Even a 1% allocation of the $9.3 trillion held in US 401(k) plans could direct roughly $93 billion into crypto exchange-traded products. For context, spot Bitcoin ETPs attracted about $60.6 billion since January 2024. Small percentage allocations at scale matter.
Why are lawmakers pressing the SEC now?
Lawmakers argue that regulatory clarity is required after the Labor Department reversed prior anti-crypto guidance in May. The letter urges the SEC to align its rules to facilitate access while preserving investor protections for fiduciaries and plan participants.
Frequently Asked Questions
Can plan sponsors add crypto to 401(k) plans today?
Not universally. Sponsors must follow ERISA fiduciary duties and existing SEC and Labor Department guidance; lawmakers want the SEC to issue updated rules to clarify when crypto can be offered as a plan option.
Who signed the letter urging the SEC to act?
Signatories include French Hill, Ann Wagner, Frank D. Lucas, Warren Davidson, Marlin Stutzman, Andrew R. Garbarino, Michael V. Lawler, Troy Downing, and Mike Haridopolos.
Are public funds already investing in crypto?
Yes. Example: the State of Michigan Retirement System bought $10.7 million of the ARK 21Shares Bitcoin ETF in Q2 and held shares of the Grayscale Ethereum Trust valued at about $15.6 million.
Key Takeaways
- Regulatory action requested: Nine lawmakers asked the SEC to implement the executive order facilitating crypto in 401(k) plans.

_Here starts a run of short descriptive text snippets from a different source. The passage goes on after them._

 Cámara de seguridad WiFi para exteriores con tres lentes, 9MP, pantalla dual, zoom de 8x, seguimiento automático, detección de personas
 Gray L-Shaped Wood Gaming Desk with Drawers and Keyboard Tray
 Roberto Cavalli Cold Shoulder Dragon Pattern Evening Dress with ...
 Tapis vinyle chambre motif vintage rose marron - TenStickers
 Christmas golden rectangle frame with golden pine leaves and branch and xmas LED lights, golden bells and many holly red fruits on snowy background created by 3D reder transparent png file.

- Large potential inflows: A small percentage of the $9.3 trillion 401(k) market could deliver meaningful capital to crypto ETFs.

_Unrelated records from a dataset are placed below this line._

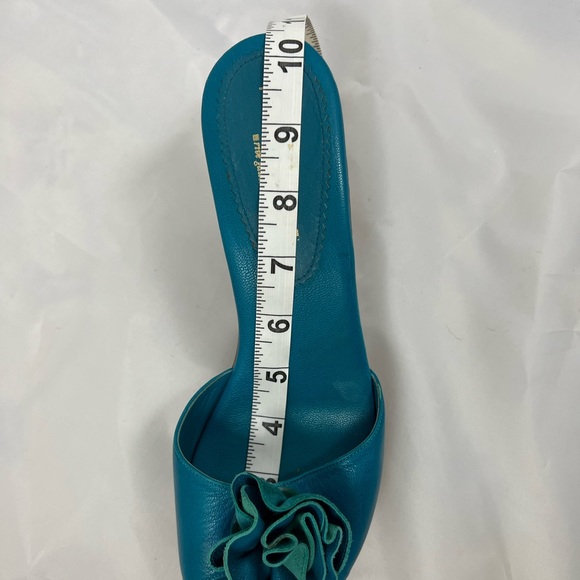 Turquoise YSL 39 open toe pumps - Picture 6 of 6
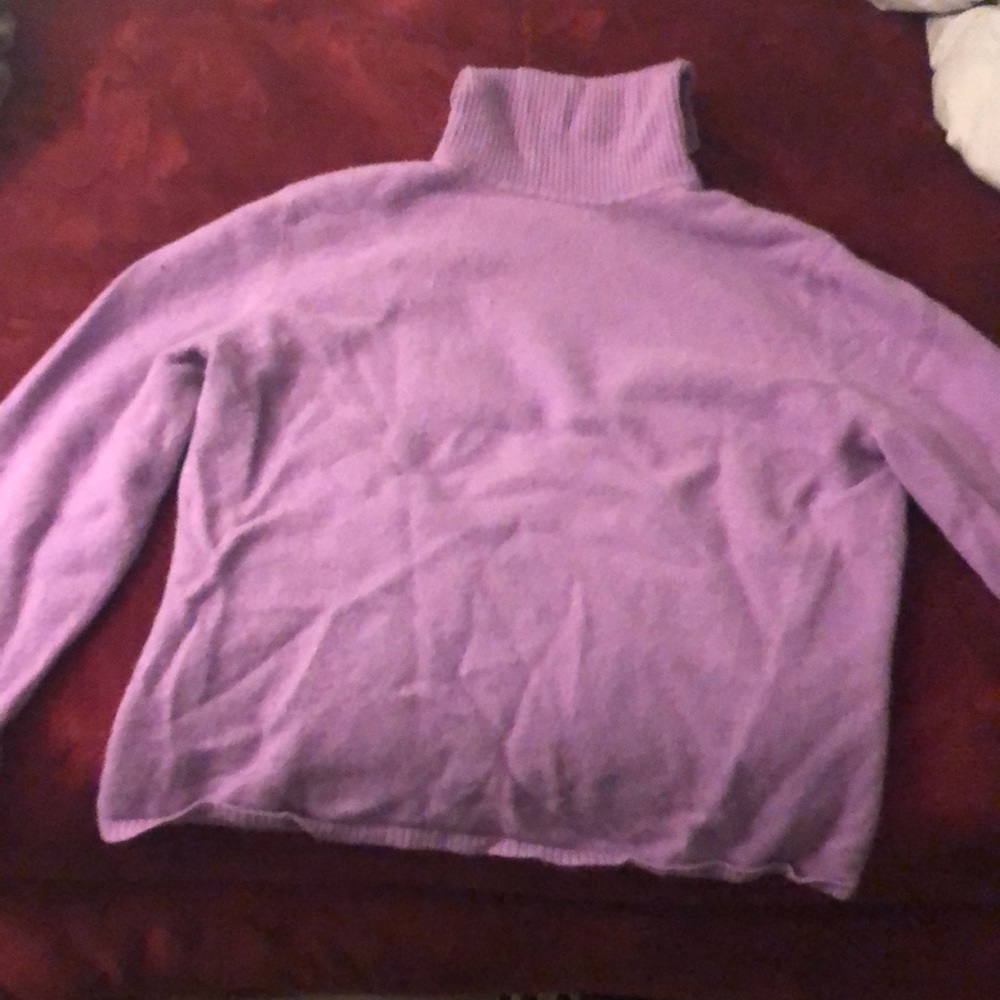 Ann Taylor 100% cashmere purple turtleneck sweater
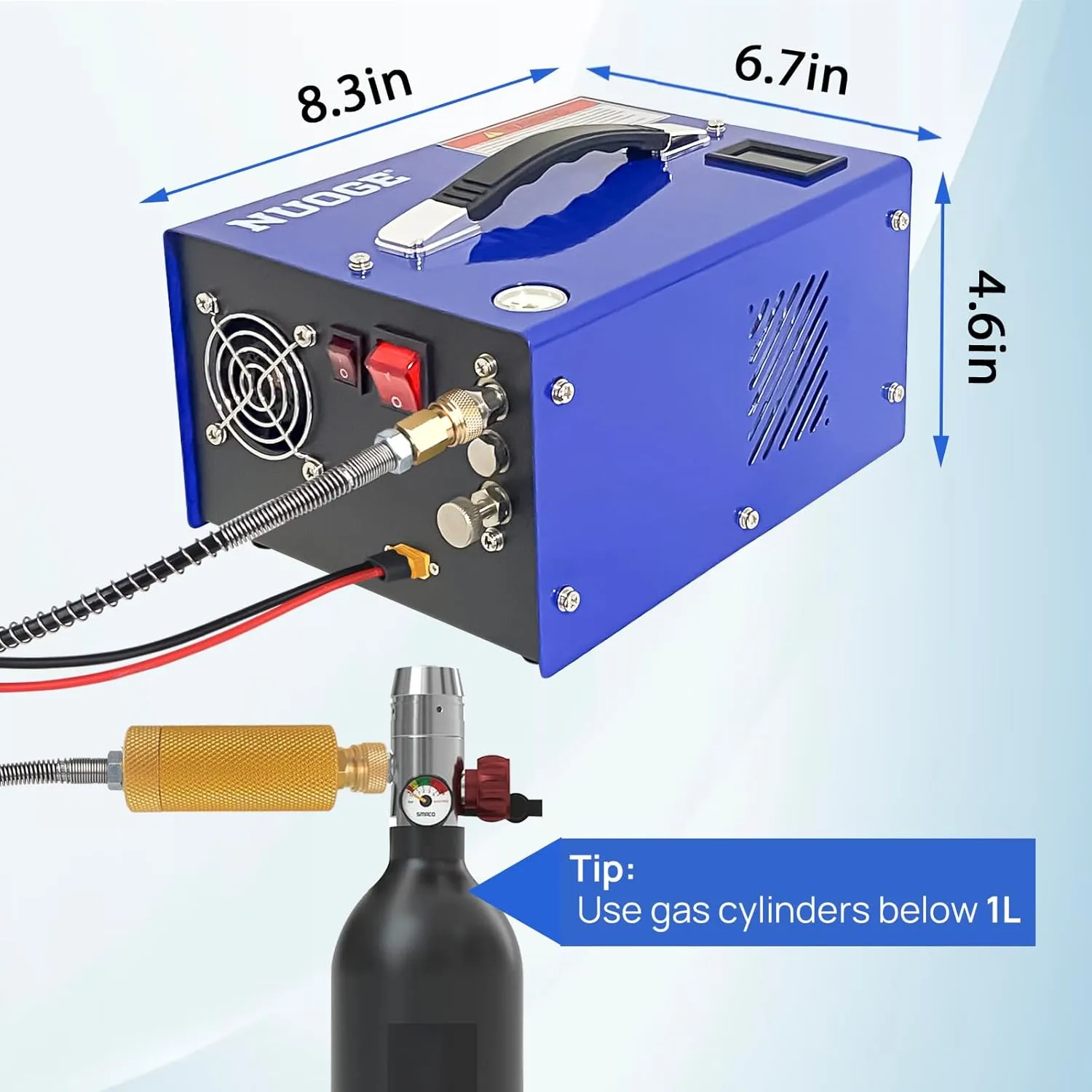 PCP Air Compressor 4500Psi/30Mpa Water/Oil Free PCP Air Pump Rifle/Pistol Paintball Cans Powered 12V Automotive DC 110V AC For Home Use With Power Converter And Oil-moisture Filter Easy Carry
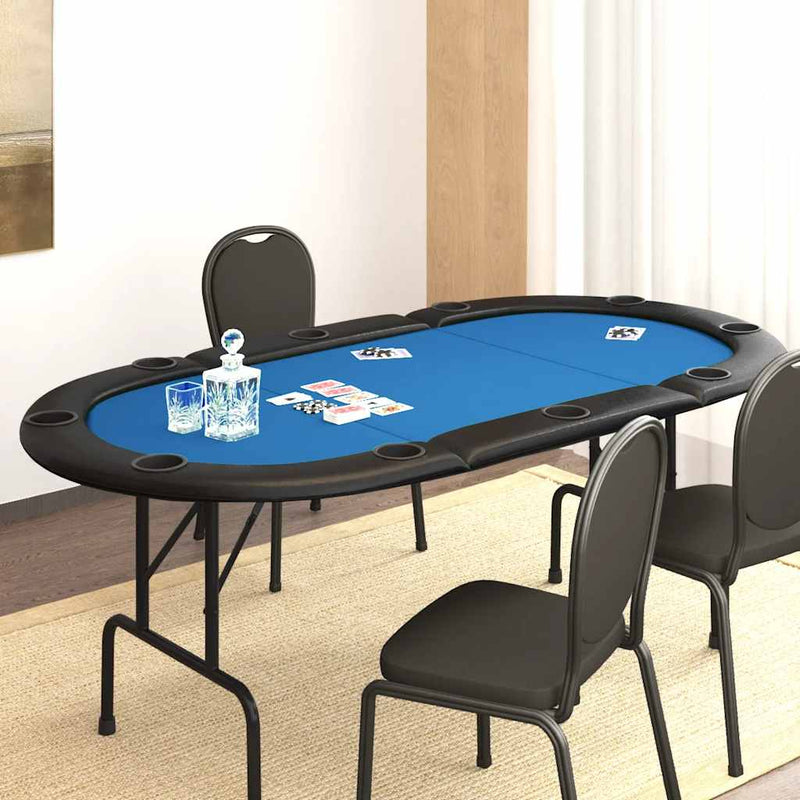 10-Player Folding Poker Table Blue 207x106x76 cm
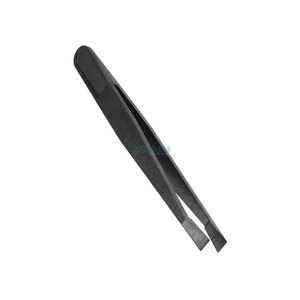 Pinzas para cejas inclinadas recubiertas de polvo negro para depilarse, pinzas para depilación con asas cómodas - Product Image 3
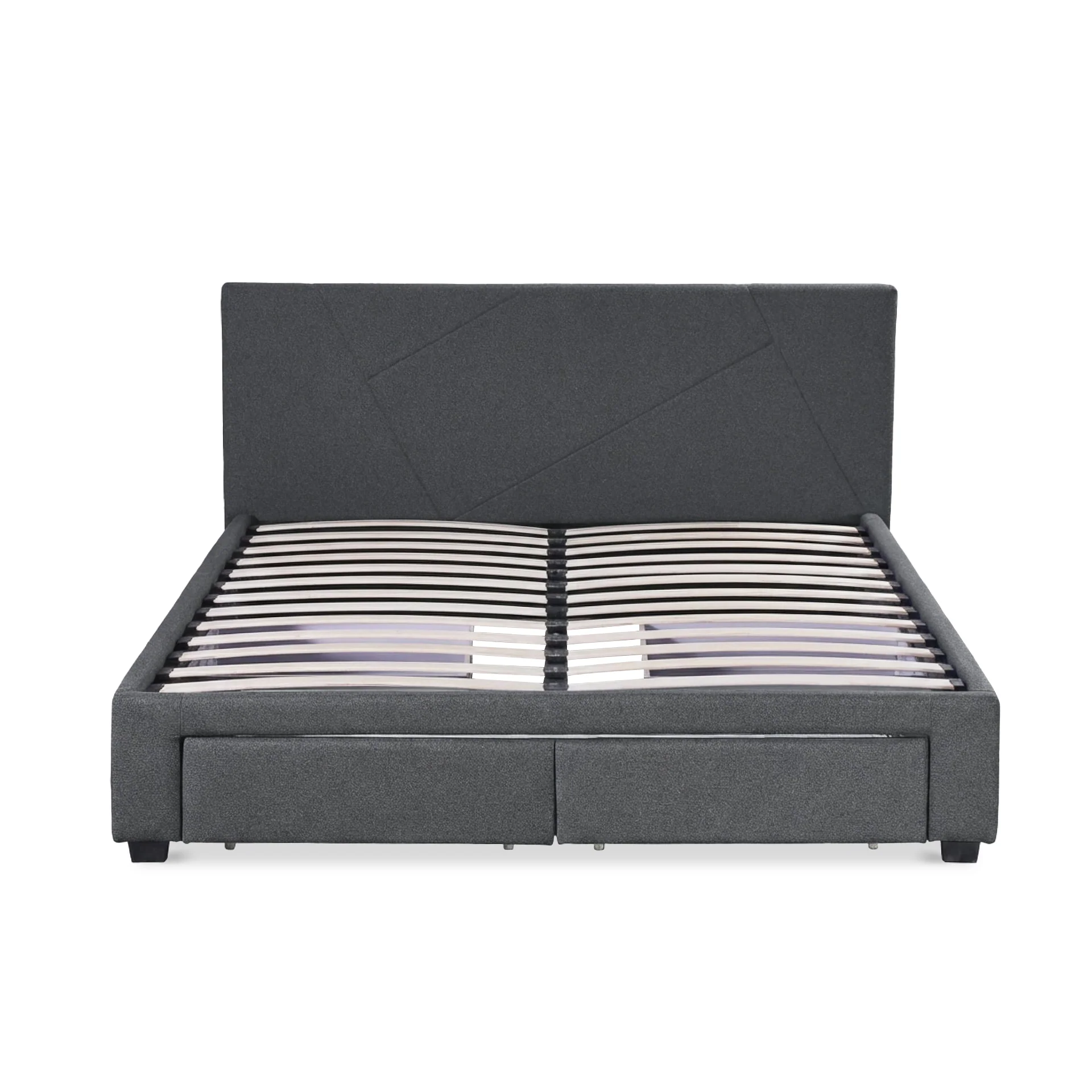 Geolux Queen Bed Frame with 4 Drawers - Dark Grey - Image 8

- Fiduciary safeguards required: Any adoption will hinge on ERISA-compliant processes, custodial arrangements, and participant education.
Conclusion
Lawmakers pressing the SEC to enable crypto in 401(k) plans could accelerate regulated access to digital assets for millions of retirement savers. Implementation depends on updated SEC guidance, Labor Department alignment, and careful fiduciary design. Watch for forthcoming rule changes that will determine how and when crypto becomes a standard retirement option.